The proposed memorial has also been criticized by those who would prefer that the name of Faneuil Hall, whose namesake Peter Faneuil was a slave trader, be changed.
However, on Tuesday, Locke wrote on a fund-raising page that the project would not be going forward.
“This stance by the Boston Branch of the NAACP puts [Walsh] in an untenable position as he cannot discount their opposition,” Locke wrote on his Kickstarter page, which had already raised more than $45,000 for the memorial. “Placing his support in jeopardy destabilizes the entire project, and without the support of the mayor’s office, the project will not have access to the site in front of Faneuil Hall.”
Locke said he did not hear from the mayor directly, but he’d heard from two city officials who wanted to “try to get me to try to work to keep the project alive.” The two officials did not immediately respond to requests for comment .
“I thought Steve’s proposal was thoughtful and an important telling of a history that must have more visibility,” Walsh told the Globe. “I was hopeful that a public process would have allowed Steve to provide that context.”
Locke said that he has no idea why the NAACP would oppose his project, which would have included a 10-feet-by-16-feet bronze installation designed to suggest an auction block and featuring a map of the slave trade.
“I don’t know why they object to it,” Locke said. “I’m a black artist making a memorial about enslaved black people to honor their sacrifice.
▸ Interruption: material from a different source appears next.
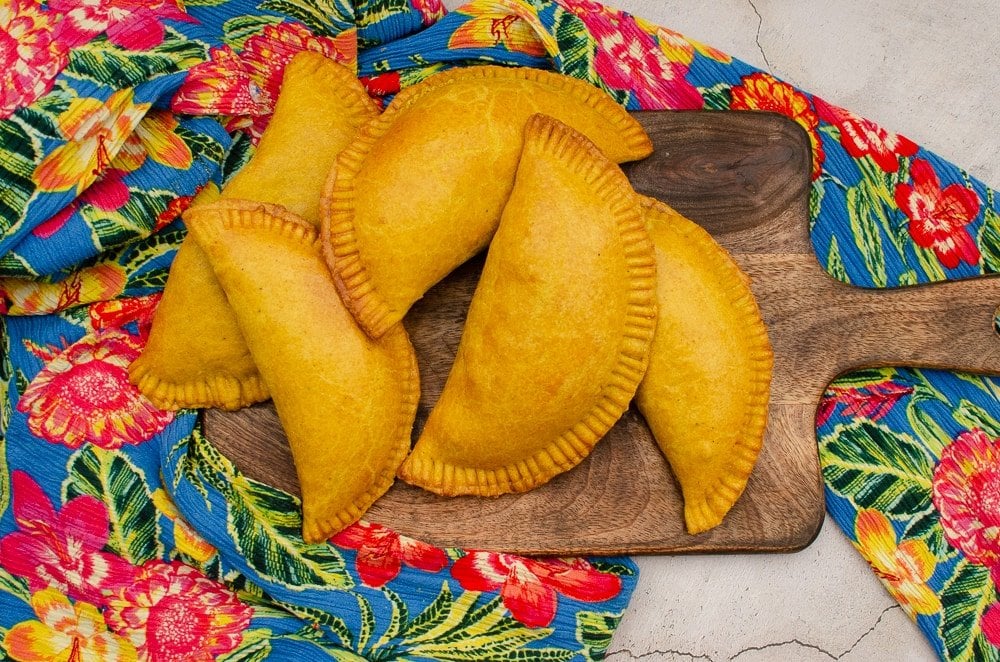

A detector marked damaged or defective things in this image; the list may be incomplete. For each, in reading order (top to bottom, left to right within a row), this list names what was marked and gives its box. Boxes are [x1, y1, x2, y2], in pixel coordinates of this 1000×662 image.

And yet they oppose that.”
Boston NAACP president Tanisha Sullivan said she objected to the memorial because she didn’t think the community had been given enough of a voice in the selection of the location and proposal.
“Our history in this city with race is so tender that how we enter into these types of conversations really matters,” Sullivan said. “Because there’s so much emotion and so much pain, quite frankly, around issues of race and racism, we have to be intentional about who we include in these conversations and how they are included.”
Sullivan wasn’t explicit about the reason for the group’s opposition in a Monday e-mail that Locke posted on a Kickstarter page for the project.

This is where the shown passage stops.